** Exercise inputs **
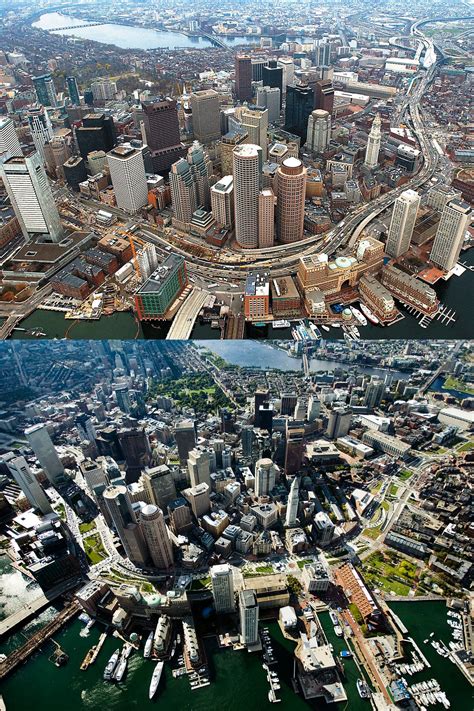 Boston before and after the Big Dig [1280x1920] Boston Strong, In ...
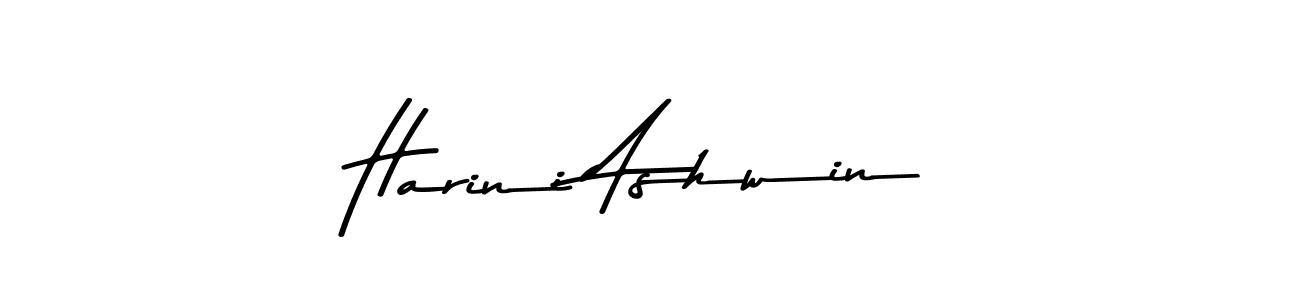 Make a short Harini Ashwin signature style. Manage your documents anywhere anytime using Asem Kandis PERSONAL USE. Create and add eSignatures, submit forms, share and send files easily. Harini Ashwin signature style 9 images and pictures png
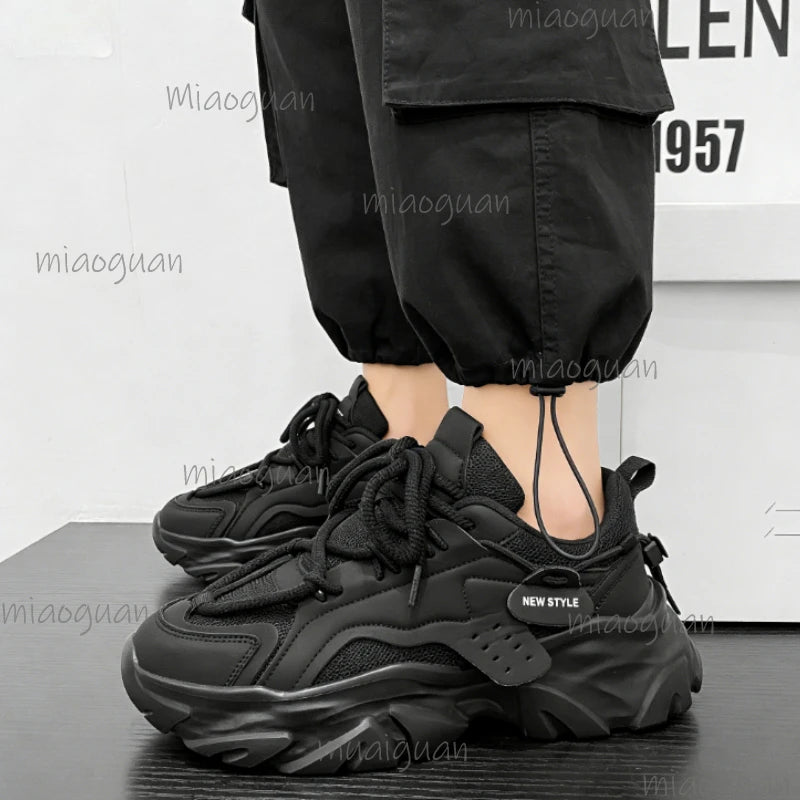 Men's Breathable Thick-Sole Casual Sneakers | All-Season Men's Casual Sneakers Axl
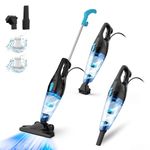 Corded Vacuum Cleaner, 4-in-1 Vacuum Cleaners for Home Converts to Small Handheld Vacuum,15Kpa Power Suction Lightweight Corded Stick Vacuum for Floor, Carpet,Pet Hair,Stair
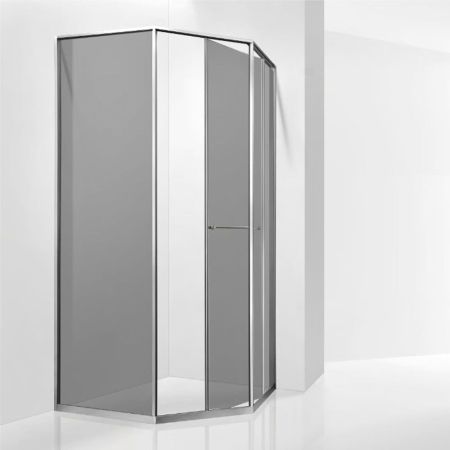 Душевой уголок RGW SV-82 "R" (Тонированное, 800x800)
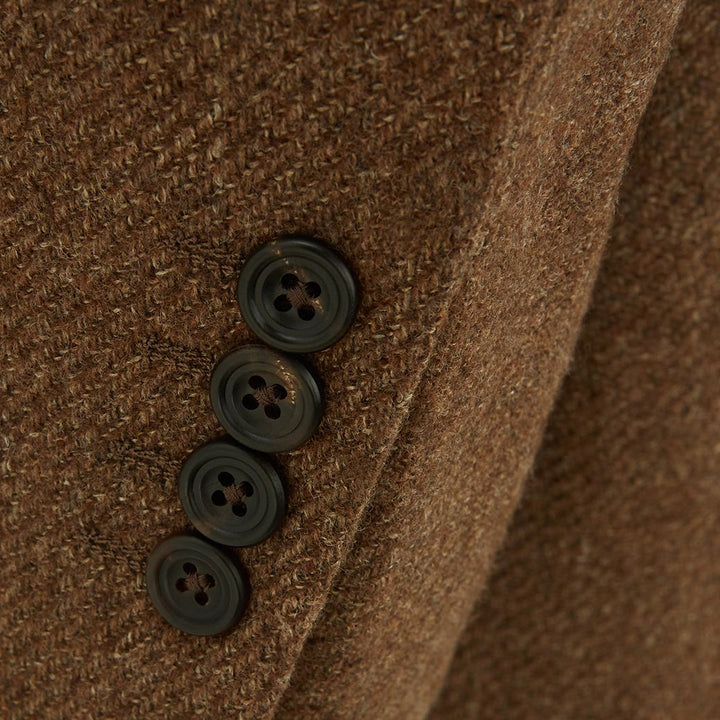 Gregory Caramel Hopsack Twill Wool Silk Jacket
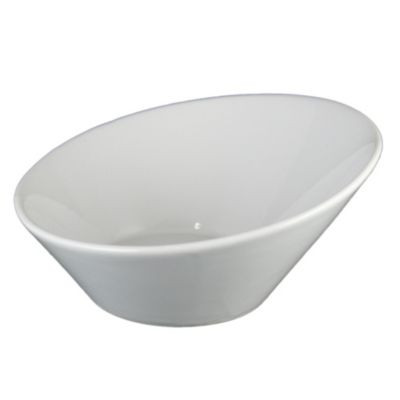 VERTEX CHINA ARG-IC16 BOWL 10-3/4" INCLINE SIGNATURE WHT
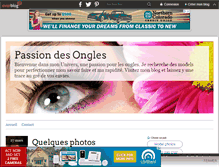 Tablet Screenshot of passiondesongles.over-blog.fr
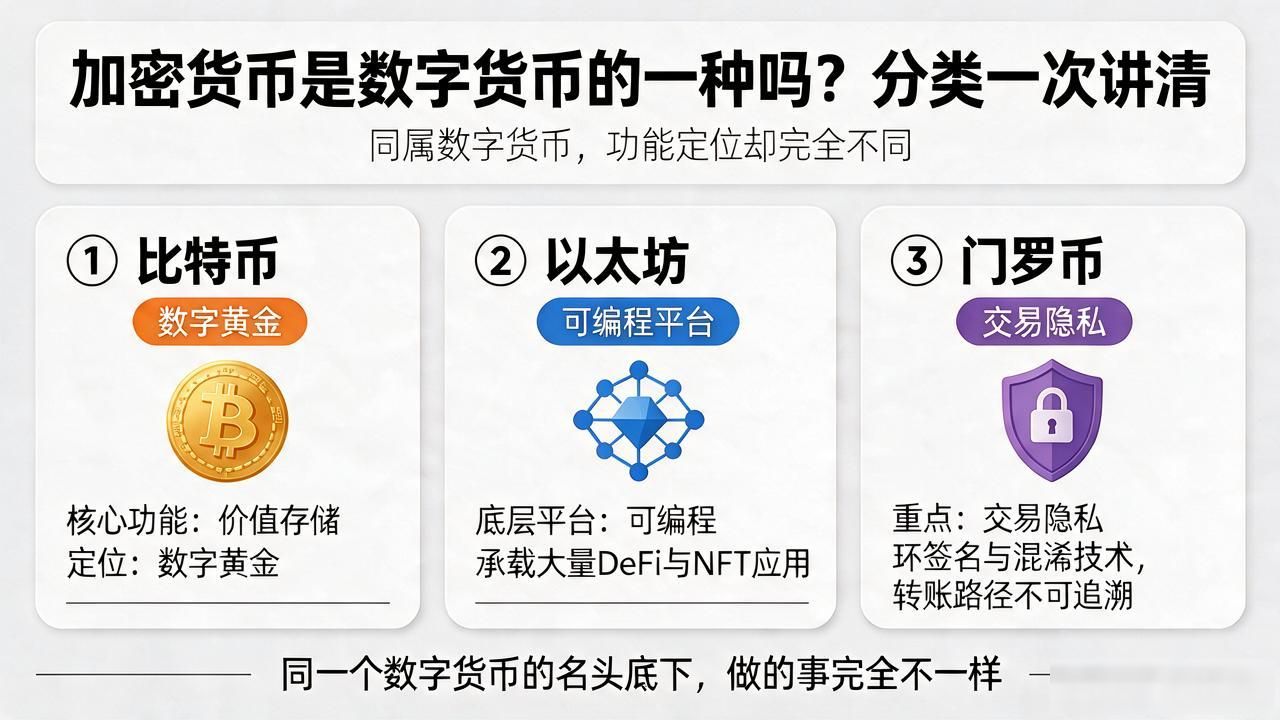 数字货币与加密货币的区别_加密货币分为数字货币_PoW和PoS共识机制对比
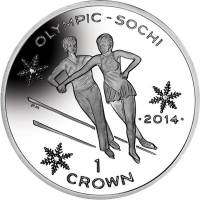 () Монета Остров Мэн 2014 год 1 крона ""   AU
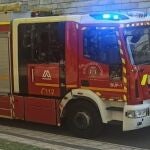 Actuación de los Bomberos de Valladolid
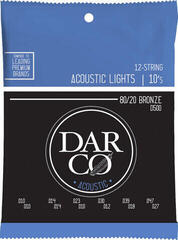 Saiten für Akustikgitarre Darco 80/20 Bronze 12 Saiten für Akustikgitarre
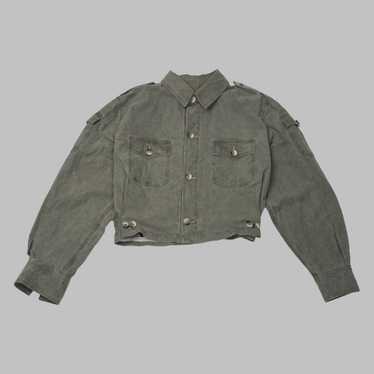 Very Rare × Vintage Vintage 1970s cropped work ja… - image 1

** Exercise directions **
Word for word, restate the lines above from the first through the one that contains "VERTEX CHINA ARG-IC16", and exclude all pictures.

** Task solution **
 Boston before and after the Big Dig [1280x1920] Boston Strong, In ...
 Make a short Harini Ashwin signature style. Manage your documents anywhere anytime using Asem Kandis PERSONAL USE. Create and add eSignatures, submit forms, share and send files easily. Harini Ashwin signature style 9 images and pictures png
 Men's Breathable Thick-Sole Casual Sneakers | All-Season Men's Casual Sneakers Axl
 Corded Vacuum Cleaner, 4-in-1 Vacuum Cleaners for Home Converts to Small Handheld Vacuum,15Kpa Power Suction Lightweight Corded Stick Vacuum for Floor, Carpet,Pet Hair,Stair
 Душевой уголок RGW SV-82 "R" (Тонированное, 800x800)
 Gregory Caramel Hopsack Twill Wool Silk Jacket
 VERTEX CHINA ARG-IC16 BOWL 10-3/4" INCLINE SIGNATURE WHT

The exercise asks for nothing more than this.